Thanks, that's good to know. I will keep the number of eqx.error_ifs to a minimum.

In practice it seems that your proposal doesn't lead to desirable behaviour. I compared our two approaches on a very simple example ODE and I was surprised how precisely the experiment echoed the issue I described in my first comment:

On the other hand if the step was clipped to a much smaller size than was intended (i.e. t1-t0 << prev_dt), then this will usually reflect in the error being small accordingly, resulting in a large factor (and the step being accepted). This means that (t1-t0)*factor would be again a reasonable step-size proposal, whereas prev_dt*factor would be disproportionately massive.

In addition the experiment shows that my solution completely fixes this issue. You can find the experiment here. And here you can see why my proposal makes it easier to separate the jump_ts and step_ts into a wrapper.

patrick-kidger commented 2 months ago

Ah, I see what you mean.

Okay, in this case I think maybe what we should do is simply remove dt from the controller state altogether. Just always use t1 - t0, nothing else.

I believe your suggestion amounts to preventing the step size form shrinking after an accepted step. For context some PID implementations exhibit this behaviour (e.g. torchdiffeq does this) but I recall deciding against this for Diffrax.
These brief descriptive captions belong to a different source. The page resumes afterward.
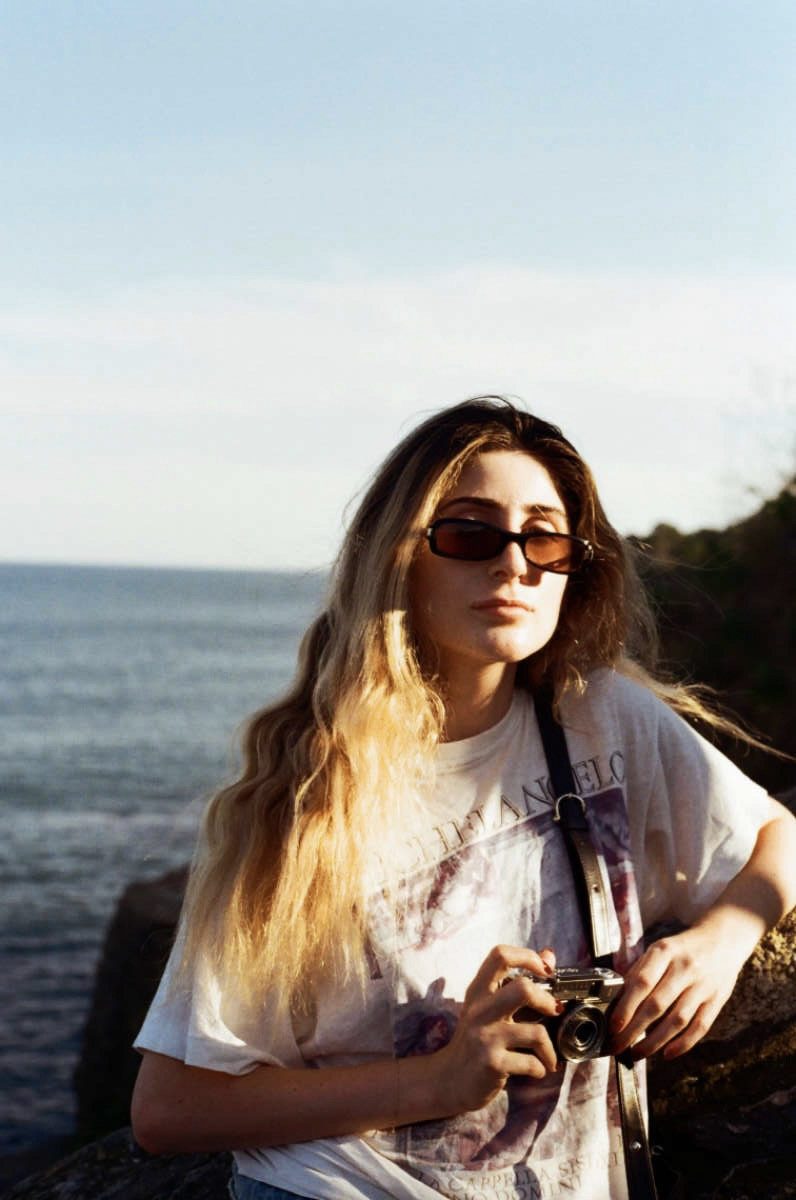 A woman with a camera standing by the water at sunset
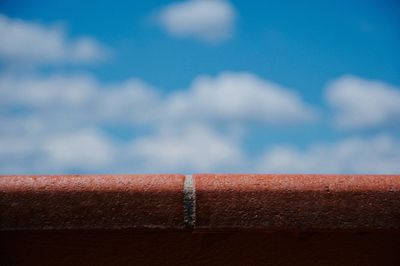 Close-up of metallic wall against blue sky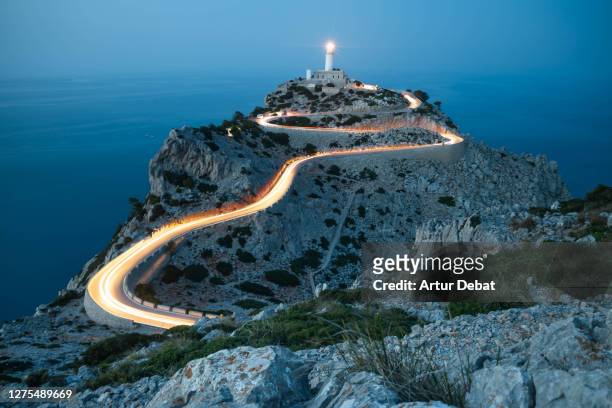 car light trails in curvy road with lighthouse and extreme terrain in the north of mallorca island. - light natural phenomenon stock pictures, royalty-free photos & images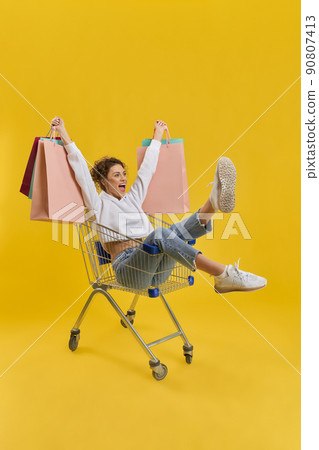 Happy girl holding colorful packages, while riding in shopping cart indoor. Side view of female buyer having fun in shop trolley, while shopping, isolated on orange background. Concept of happiness. Happy girl holding colorful packages, while riding in shopping cart indoor. Side view of female buyer having fun in shop trolley, while shopping, isolated on orange background. Concept of happiness. 90807413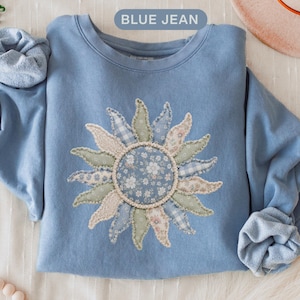 May include: A light blue crewneck sweatshirt featuring a large, central sun-shaped applique made from various fabric patches in shades of blue, green, and cream with floral and gingham patterns. The text BLUE JEAN is printed at the top.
It's a heuristic that I think helps some problems but hurts others.

andyElking commented 2 months ago

Fair enough, I'll get rid of it then. On the flip side, as I mentioned in #484, it seems like it was possible for the step size to increase after rejecting (I discovered this in some unrelated experiment, where it just seemed to go on forever until max_steps was reached). Was this intentional or is it good that I now capped dt_proposal at self.safety*(t1-t0) when keep_step=False?

patrick-kidger commented 2 months ago

That is definitely pretty weird! I'm willing to believe that it happens, though.

In fact, here's something interesting I came across whilst looking at this just now:

https://github.com/patrick-kidger/diffrax/blob/0679807bf7bda0de3884a78cf20ce2dd4d8ade4c/diffrax/_step_size_controller/adaptive.py#L602

It seems we do prevent step shrinking after an accepted step after all! 😅

In light of this, maybe we should fix the case you just mentioned by also adding factormax = jnp.where(keep_step, self.factormax, 1)?

(EDIT: I've now seen that you mentioned this in #484. Ignore me, you're way ahead of me!)

andyElking commented 2 months ago

Well technically this prevents it only from shrinking below t1-t0, which can still be smaller than prev_dt. But as you said before, probably all of these choices can bring pluses and minuses in different cases.

Haha yes, I was just about to point you to #484 😊